Pero, por desgracia, los acontecimientos conspiraban en su contra. Su último paciente era Valentina Foley, de cuatro años de edad, y Paula comprendió enseguida por qué Jimena se había mostrado preocupada por ella. La niña no estaba aprovechando las lecciones de lenguaje para sordos como Paula esperaba.
—¿Estás enfadada conmigo? —le preguntó la pequeña con signos al final de la sesión, con cara preocupada.
—No —le contestó Paula, dándole un abrazo.
—Pero no lo hago bien.
—No te preocupes. Solo necesitas practicar un poco más.
Valentina puso cara triste.
—¿Cómo? En casa, nadie quiere aprender.
Paula reprimió una maldición. Jesica Foley era una buena madre, pero tenía que ocuparse de otros cuatro niños, además de Valentina. Afrontar la sordera de su hija era una carga demasiado pesada para ella. Llevarla a la clínica dos veces por semana era todo lo que estaba dispuesta a hacer. Había sido imposible convencerla de que ella también asistiera a clases. Se había negado en redondo.
—Aprenderé de Valentina—le había asegurado a Paula, pero la futilidad de su promesa era cada vez más evidente.

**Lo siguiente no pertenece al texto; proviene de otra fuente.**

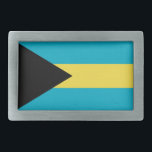 Hebilla de cinturón con bandera de las Bahamas<br><div class="desc">Añade un toque de orgullo bahameño a tu armario con nuestra exclusiva hebilla de cinturón con la bandera de las Bahamas. Diseñada con atención a los detalles, esta hebilla de cinturón es más que sólo un accesorio funcional; es una celebración del patrimonio bahameño y el orgullo cultural. El diseño es...</div>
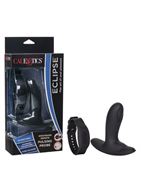 Черный массажер простаты с пультом-браслетом Eclipse Wristband Remote Pulsing Probe (11,5 см)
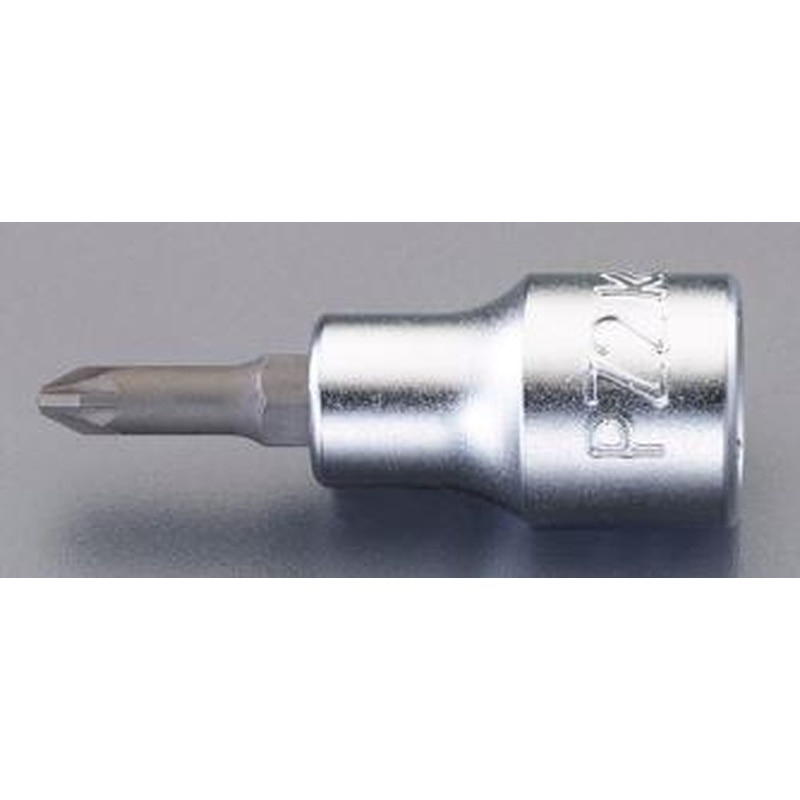 エスコ EA618CX-12 1/2”DRx#2［Pozidriv]ビットソケット 1個（ご注文単位1個）【直送品】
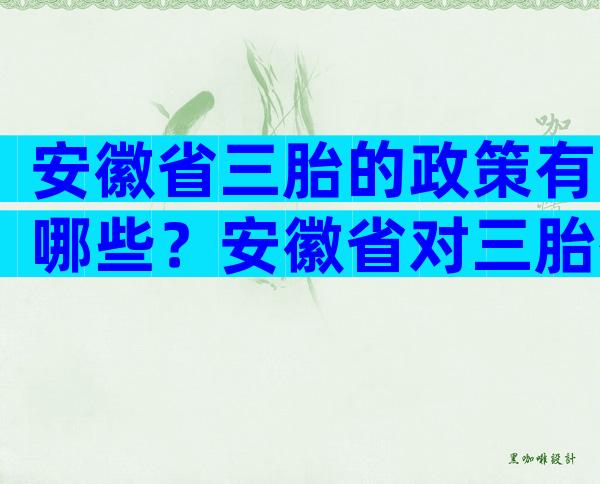 安徽省三胎的政策有哪些？安徽省对三胎有什么处罚？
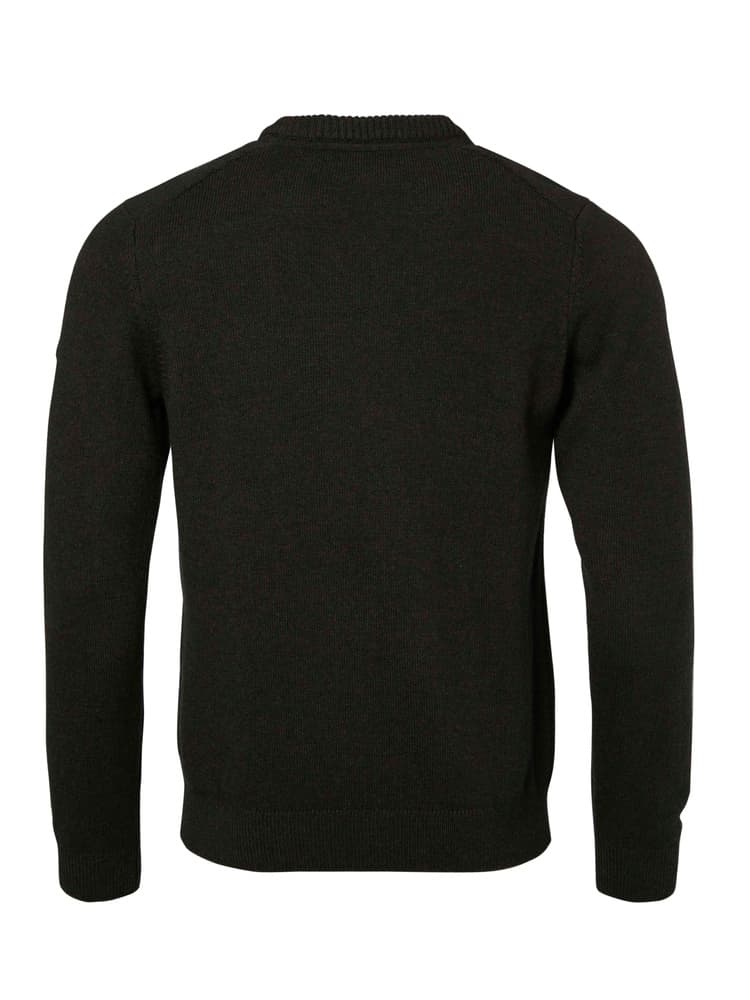 Milford O-Neck Wool Pullover Men Dark Green, view: 1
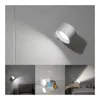 Wandlamp Design Moderne stijl 360 graden aanpasbaar Draagbare aanraakbediening Oplaadbare slaapkamerstudeerkamer Woonkamerverlichting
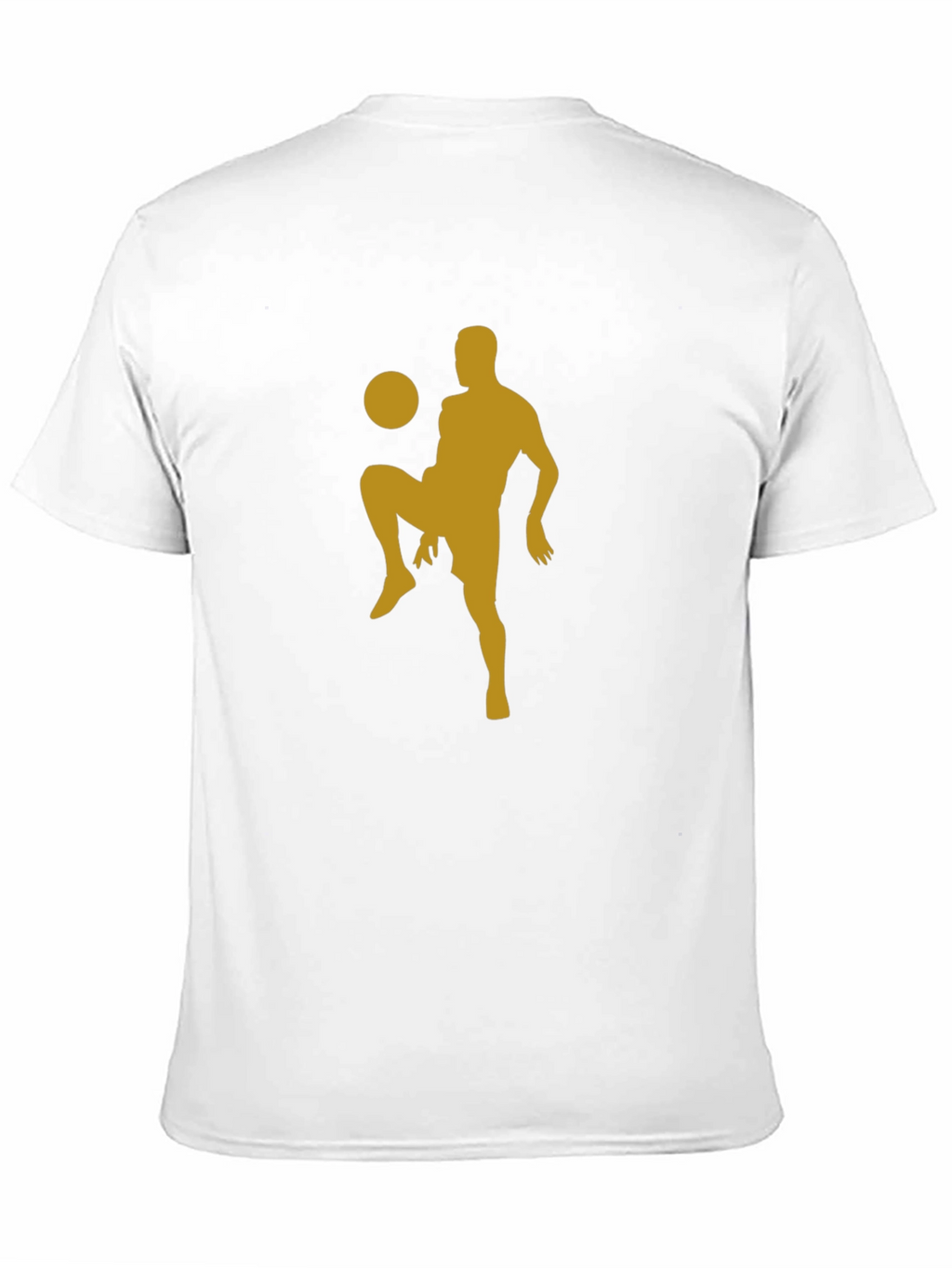 Soccer Player Silhouette Tee - Black Cotton Blend Shirt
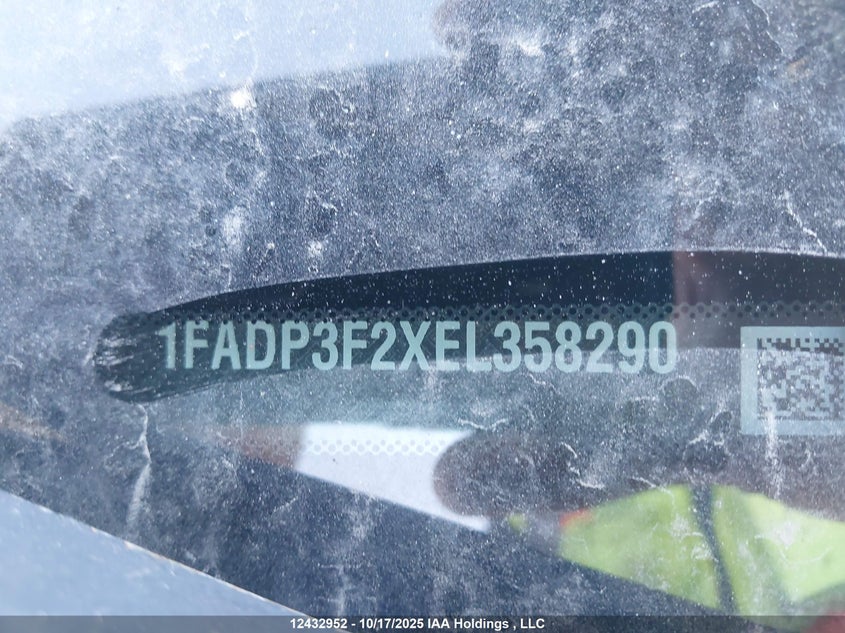 1FADP3F2XEL358290 2014 FORD FOCUS photo no. 20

En cuanto a Damián Foley, tenía dos trabajos para intentar sacar adelante a su familia. Había ido a recoger a Valentina en varias ocasiones y, a pesar del cariño que demostraba por su hija, todavía parecía empeñado en negarse a aceptar que su discapacidad era permanente y que requería ciertos esfuerzos por su parte. Cuando le hablaba a la niña, subía la voz como si ello pudiera ayudarla a entenderlo.Los Foley no eran la primera familia a la que Paula había visto resistirse a asumir las necesidades de un hijo sordo, pero eso no dejaba de entristecerla. Como en su propio caso y en el de Valentina, las cosas parecían empeorar cuando la sordera se producía repentina e inesperadamente.
—Nos esforzaremos más, tú y yo —le dijo a Valentina—. Y hablaré otra vez con tu mamá sobre las clases. Si ella no puede venir, ¿Qué te parece que venga tu hermana mayor? Tiene diez años, ¿No?
El semblante de la niña se iluminó.
—Martina vendrá. Sé que vendrá.
—Veré si puedo arreglarlo —le prometió Paula.
—Te quiero —dijo Valentina con gestos.
— Yo también te quiero —contestó Paula—. Ahora, salgamos fuera, a ver si ha venido tu madre.
La señora Foley estaba sentada en su coche, con el motor en marcha. Paula acompañó a Valentina al coche, pero cuando trató de hablar con su madre, esta le hizo señas de que tenía prisa y arrancó antes de que pudiera decirle una palabra. Paula respiró hondo y volvió lentamente a la clínica. Al parecer, no estaba tan recuperada como pensaba. Se sentía exhausta, pero quería asistir a la reunión semanal del personal. Jimena la observó un momento y vetó su plan.
—Estás pálida. Tienes que irte a casa.
—Voy a quedarme —insistió Paula—. Dame cinco minutos para tomarme una taza de café, y los veré en la sala de reuniones.
Había pensado que Jimena se conformaría sin discutir, pero se equivocaba. La reunión acababa de empezar cuando la interrumpió la llegada de Pedro. Jimena le sonrió.
—Llegas justo a tiempo —dijo.
—¿Lo has llamado tú? —preguntó Paula, asombrada.
—Habíamos hecho un trato —dijo Jimena—. Yo lo llamaría si tú te negabas a seguir mis buenos consejos. Ahora vete a casa y descansa. Nos veremos por la mañana.
Paula estuvo tentada de quedarse allí plantada y negarse a marcharse, pero cambió de idea al ver la mirada decidida de Pedro. Podría haber expresado su disconformidad allí mismo, pero logró abandonar la habitación sin hacerlo. Al día siguiente, le diría a Jimena que era perfectamente capaz de decidir si podía aguantar una hora en una estúpida reunión de personal.